All Children Matter evolved out of a failed 2000 Michigan citizens initiative for private-school vouchers. Chairwoman Betsy DeVos and her husband, Dick, have a long history of pushing for "school choice."

In 2001, Betsy DeVos organized the Great Lakes Education Project to push for charter schools in Michigan's Legislature.

Two years later, that group morphed into All Children Matter. Dick DeVos is an Amway heir and a 2006 candidate for Michigan governor.

The DeVos family has spent a good chunk of their fortune on the PAC. Along with them, Wal-Mart heirs Jim and John Walton are frequent donors, giving more than $3 million to the PAC in 2004.

Utah's voucher and tax-credit advocates have received their share of that funding. All Children Matter Director Greg Brock says along with Florida, Louisiana, Ohio, Missouri, Virginia and Wisconsin, Utah is a key state for the school-choice movement - in part because a political action committee already existed here. Also, campaign money spreads further in small states.

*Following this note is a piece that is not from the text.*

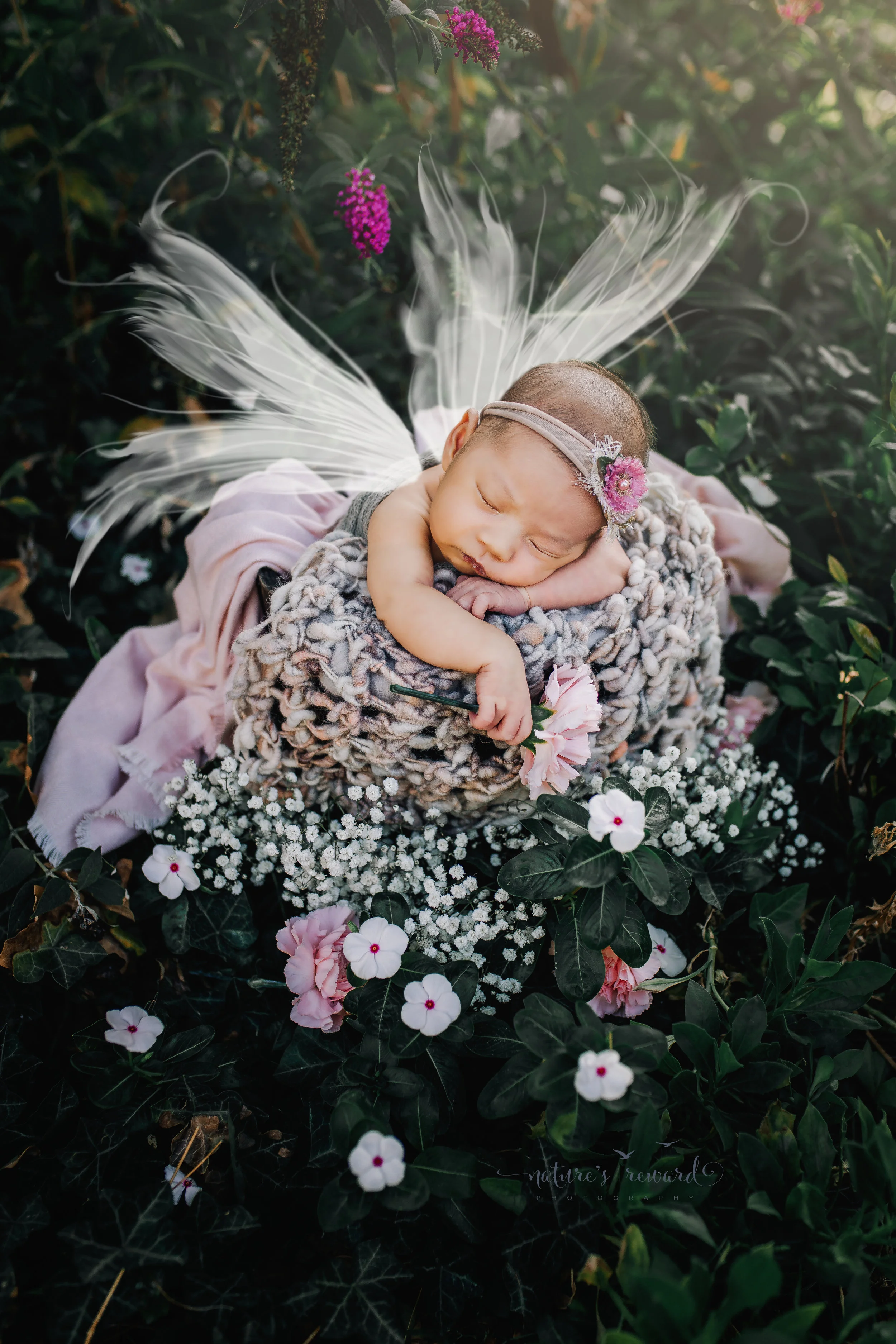 Fairies do exist! Newborn Baby girl in home-studio garden set up.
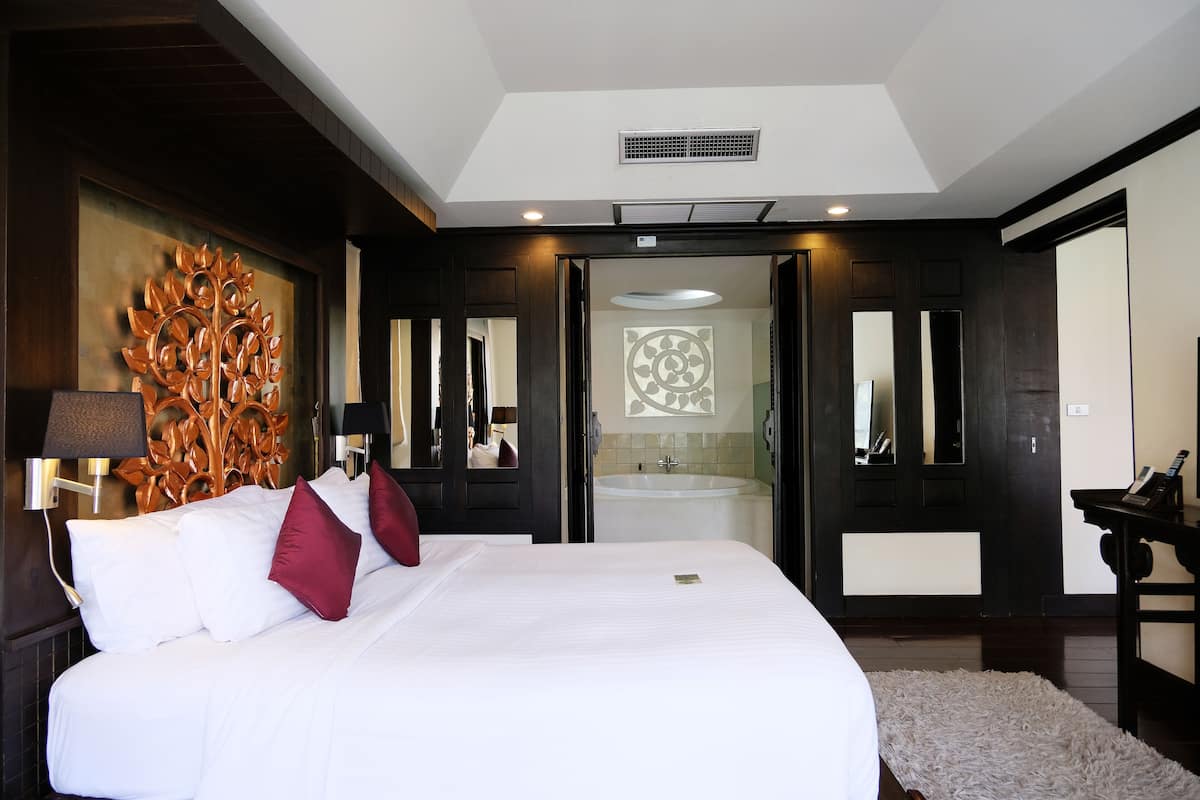 A hotel room with a large bed, a wooden accent wall, a bathroom with a bathtub, and a small desk with a lamp.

"Our goal is to try to change the political climate in states where education reform is pretty active or being debated in a high-profile way," Brock said.

Utah certainly qualifies. Virtually every year since Parents for Choice formed, Utah lawmakers have debated the merits of some legislation pushed by Parents for Choice - including proposals for publicly-funded tax credits or vouchers for parents who send their children to private schools, scholarships for disabled students and easing regulations on charter schools. The most controversial issues - vouchers and tax credits - inevitably stall as lawmakers split along the narrowest of margins.

Parents for Choice and All Children Matter are determined to shift that margin, Brock says. But like Peterson, Brock declined to talk about how much money the Michigan PAC is sending west this election year until September, for "strategic reasons."

The strategy is clear. So far, tax-credit advocates have targeted moderate, public-education friendly legislators, many of them schoolteachers. And the tactic already has worked: Lehi Rep. David Cox, a fifth-grade teacher, lost his bid for re-election at the Utah County Republican convention in April. His opponent, Ken Sumsion, got $3,545 from Parents for Choice and Utah Working Moms and Dads.

"That money made the biggest difference," Cox said. "They were researching my record a year ago to find any bills they could twist to make me look bad. I couldn't compete with the level of sophistication and expertise that was brought in."

Public-school critics insist they are simply countering the power and money of teachers unions, the National Education Association and Utah Education Association.

Parents for Choice board member Steve Poulton, a former legislator, said sending money to sympathetic candidates is the PAC's right as a participant in democracy. If anything, he wrote in an editorial for the online newsletter Utah Policy Daily earlier this year, Parents for Choice is balancing out the power of the UEA.

"It is delightful to see an organization like Parents for Choice in Education take on historically the most powerful special interest group in the state, the teachers union," Poulton said. "The education lobby - led by the teachers union - has long been without a counterbalance of any kind."

So far this year, UEA has spent $5,000 in legislative races, said Vik Arnold, UEA government relations and political-action director. Just three candidates have reported receiving cash from the teachers union.

UEA President Pat Rusk draws a line between her organization's political activities and that of school-choice advocates. For one thing, she says, UEA's funding comes from individual Utah teachers' donations and dues, which are pooled together. Parents for Choice seems to be financed in $1 million increments by wealthy, out-of-state business owners, Rusk said. She believes those donations undermine Parents for Choice's claims to be representing hundreds of Utah parents who want to buck public education.

"The money has allowed them to have Web sites and commercials," Rusk said. "There's a perception that they're bigger than they really are."

Whatever the number of its supporters, the survival of Parents for Choice is no longer in question. Seven candidates were on the group's "hit list" this year. With financing from groups like All Children Matter, that list likely will grow.